The English word “doubt” comes from the Latin word “dubitare” whose root meaning is “two.”
dubitare = two
To “believe” is to be of one mind and to accept or trust something as true. To “disbelieve” is also to be of one mind and to reject something as untrue. To “doubt” is to waiver between faith and unbelief or to be of two minds. The heart of doubt is double-mindedness or having a divided heart. We use many different metaphors to express this divided heart. We talk about having a foot in both camps. The Chinese talk about having a foot in two boats. In the Old Testament the prophet Elijah confronted the Israelites on Mt. Carmel and said, “How long will you hesitate between two opinions?”

A great illustration of this suspension between faith and unbelief is found in the gospel of Mark. Jesus is asked by a father of a young boy to free the young boy from demonic bondage that was causing seizures for the boy. This man said to Jesus, “If you can do anything, take pity on us and help us.” Here is what we read in Mark 9:23-24:

Mark 9:23-24
23 “If you can’?” said Jesus. “Everything is possible for one who believes.” 24 Immediately the boy’s father exclaimed, “I do believe; help me overcome my unbelief!”

It is this double-mindedness, the feeling of being cut in two that creates in us the unease, the dis-ease, of doubt.

Troubled by doubt

We ask, “What’s the matter with me? Here I am; I’m sitting in church and I still doubt…” Perhaps you have thought, “I’ve given my life to Christ; I’m trying to obey God; but, I still feel like I’m eaten away by doubt.” Some of you might say, “I feel like I’m overwhelmed by doubt in God’s goodness or his existence; I believe, help my unbelief.”

I read an illustration years ago in an old book by Os Guinness. The book was called In Two Minds: The Dilemma of Doubt and How to Resolve It. Sadly, the book is no longer in print. Guinness wrote about a man in a Latin American country who had loaded up his donkey with an enormously heavy load and was leading the donkey up a very steep mountain path. The donkey was laboring to carry this heavy load up this steep path when he finally collapsed, exhausted under the weight of the load.

The man began to beat the donkey and kick it and invoked all kinds of curses on the donkey. Guinness wrote that this is often the way that we treat our faith when doubt loads it down. We beat ourselves up. We say, “What is the matter with me. I just need to give my faith a good kick in the rear; that will help me to believe more and not doubt!”

As a follower of Jesus for the past 45 years, I have discovered that one of the best ways for me to deal with anything negative in my life – anxiety, anger, confusion, and especially doubt – is to simply invite Jesus into that negativity without covering it up, or putting on a good front or trying to handle it on my own. An honest, authentic acknowledgement of doubt before God, or even doubt in God, has consistently proven to strengthen my faith. I have found that God can handle anything I throw at him. He is an excellent catcher and can handle even my wildest pitches!

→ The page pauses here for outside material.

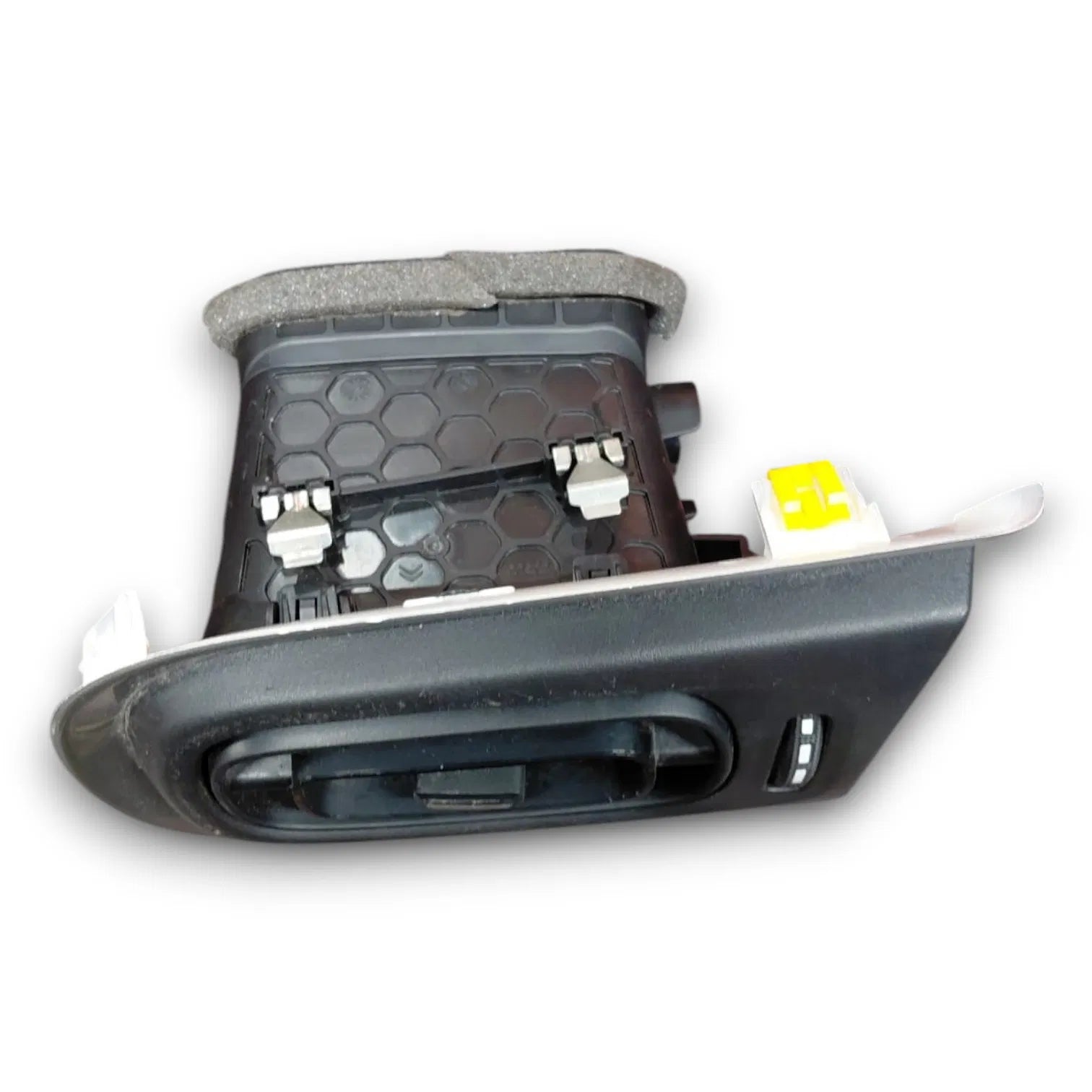 Dettaglio Bocchetta aria centrale cruscotto sinistra Citroën C3 3ª Serie B618 OEM 98124857ZD - foto 2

During the Lenten season this year – from Ash Wednesday to Easter Sunday – we will be considering the issue of doubt in both our weekend messages and through our small group emphasis titled “Profiles in Doubt”. This series will be a great opportunity to invite anyone you know who is wrestling with doubt. And for all of us who at least sometimes doubt – my prayer is that we’ll all find our faith strengthened by this Lenten season’s teachings.